A suicide note left at the scene referenced the Hacking Team controversy, and claimed his team did not use the company's tools to spy on South Korean citizens' mobile phone or online communications, according to a Reuters report.
"I believe excessive zeal for work has created this situation," the agent said in the note.
Allegations
What is Hacking Team?
Italian company Hacking Team sells sophisticated spying software to governments and law enforcement agencies around the world.
They have been criticised for selling their services to regimes with questionable human rights records in countries such as Sudan, Bahrain and Kazakhstan.
On 5 July a trove of 400GB of data stolen from the company was posted online by an unknown hacker. This included sensitive documents, government tender details, client invoices, internal emails and, crucially, source code and explicit details on how the mass surveillance software operates.

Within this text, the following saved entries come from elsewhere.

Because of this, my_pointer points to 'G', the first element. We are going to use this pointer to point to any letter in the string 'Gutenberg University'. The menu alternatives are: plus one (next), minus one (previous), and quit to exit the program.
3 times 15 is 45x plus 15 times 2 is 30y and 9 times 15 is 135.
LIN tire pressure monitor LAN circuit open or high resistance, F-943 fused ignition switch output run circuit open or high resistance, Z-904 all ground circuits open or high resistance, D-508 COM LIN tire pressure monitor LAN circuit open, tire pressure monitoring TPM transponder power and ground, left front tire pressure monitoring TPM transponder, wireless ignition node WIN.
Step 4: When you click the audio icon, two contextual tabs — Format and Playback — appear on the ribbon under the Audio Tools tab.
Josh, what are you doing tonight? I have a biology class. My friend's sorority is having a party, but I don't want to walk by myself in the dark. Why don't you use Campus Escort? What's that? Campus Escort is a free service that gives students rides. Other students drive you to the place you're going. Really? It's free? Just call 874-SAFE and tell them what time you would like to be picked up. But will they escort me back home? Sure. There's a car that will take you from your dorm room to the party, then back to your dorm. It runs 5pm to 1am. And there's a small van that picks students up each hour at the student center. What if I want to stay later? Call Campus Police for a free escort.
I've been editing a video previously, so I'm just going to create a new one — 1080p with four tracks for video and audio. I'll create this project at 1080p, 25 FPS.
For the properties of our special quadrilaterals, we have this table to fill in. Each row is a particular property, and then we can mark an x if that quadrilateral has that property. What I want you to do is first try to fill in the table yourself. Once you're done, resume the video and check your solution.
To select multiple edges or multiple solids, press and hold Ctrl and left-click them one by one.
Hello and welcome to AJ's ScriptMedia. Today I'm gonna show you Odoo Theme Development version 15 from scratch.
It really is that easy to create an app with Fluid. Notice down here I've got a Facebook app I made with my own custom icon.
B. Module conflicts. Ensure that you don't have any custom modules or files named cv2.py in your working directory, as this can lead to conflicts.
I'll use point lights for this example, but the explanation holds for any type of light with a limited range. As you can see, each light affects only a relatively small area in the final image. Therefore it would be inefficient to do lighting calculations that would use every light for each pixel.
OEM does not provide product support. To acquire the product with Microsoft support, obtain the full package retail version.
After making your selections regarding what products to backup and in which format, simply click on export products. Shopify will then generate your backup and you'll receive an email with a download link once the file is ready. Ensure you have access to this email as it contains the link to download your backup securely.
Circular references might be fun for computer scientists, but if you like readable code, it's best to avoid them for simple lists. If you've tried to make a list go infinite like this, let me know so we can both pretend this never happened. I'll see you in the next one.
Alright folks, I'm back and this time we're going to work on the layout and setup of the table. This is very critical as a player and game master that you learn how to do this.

In the aftermath of the Hacking Team leak on 6 July, it was revealed - and subsequently admitted - that the NIS purchased powerful spying tools from the Italian company in 2012, however the agency claimed the software was only used to analyse North Korean-related material.
However on-going concerns that it was used to spy on South Korean citizens ahead of the 2012 general elections has led to rival parties agreeing to visit the NIS next month to conduct what the Korea Times calls a "field inspection" into the allegations.
The NIS has continually come in for criticism from opposition groups who claim it is used as a tool for the sitting president to monitor South Korean citizens.
Hacking Team sells powerful surveillance software to government and law enforcement agencies which allows them to monitor all forms of digital communication with critics of the company - which include Human Rights Watch and Privacy international - claiming the tools have been used by oppressive regimes to spy on dissidents, activists and journalists in countries like Sudan, Ethiopia, Morocco, Bahrain, Saudi Arabia and Egypt.